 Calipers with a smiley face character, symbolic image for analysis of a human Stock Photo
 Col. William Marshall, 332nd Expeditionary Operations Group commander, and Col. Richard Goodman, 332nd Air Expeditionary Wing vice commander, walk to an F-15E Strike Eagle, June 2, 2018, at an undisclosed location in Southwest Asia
* * *
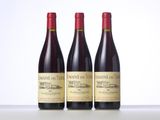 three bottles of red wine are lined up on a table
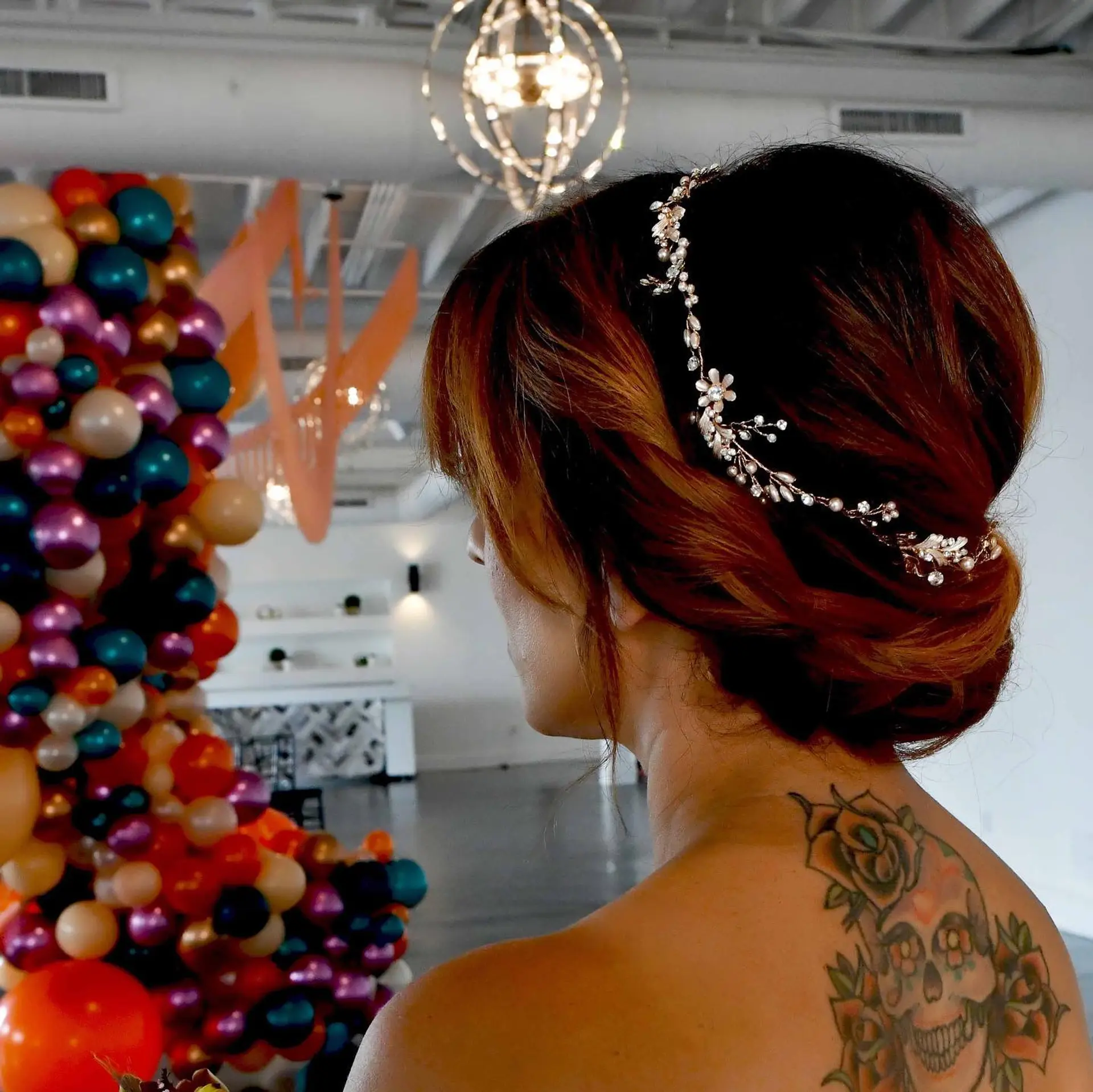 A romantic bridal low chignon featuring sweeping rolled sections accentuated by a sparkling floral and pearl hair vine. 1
--
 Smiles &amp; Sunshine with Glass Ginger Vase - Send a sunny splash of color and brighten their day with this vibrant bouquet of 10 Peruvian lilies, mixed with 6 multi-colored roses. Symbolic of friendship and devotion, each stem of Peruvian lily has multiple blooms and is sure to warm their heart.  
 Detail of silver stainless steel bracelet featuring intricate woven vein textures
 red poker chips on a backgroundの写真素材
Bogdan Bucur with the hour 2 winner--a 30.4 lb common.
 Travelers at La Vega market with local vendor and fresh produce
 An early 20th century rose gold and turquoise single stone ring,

## Task instructions
When you reach the line holding "Calipers with a" in the records above, begin reproducing exactly, stop after the line holding "Col. William Marshall, 332nd", and output nothing else.

## Result of this exercise
 Calipers with a smiley face character, symbolic image for analysis of a human Stock Photo
 Col. William Marshall, 332nd Expeditionary Operations Group commander, and Col. Richard Goodman, 332nd Air Expeditionary Wing vice commander, walk to an F-15E Strike Eagle, June 2, 2018, at an undisclosed location in Southwest Asia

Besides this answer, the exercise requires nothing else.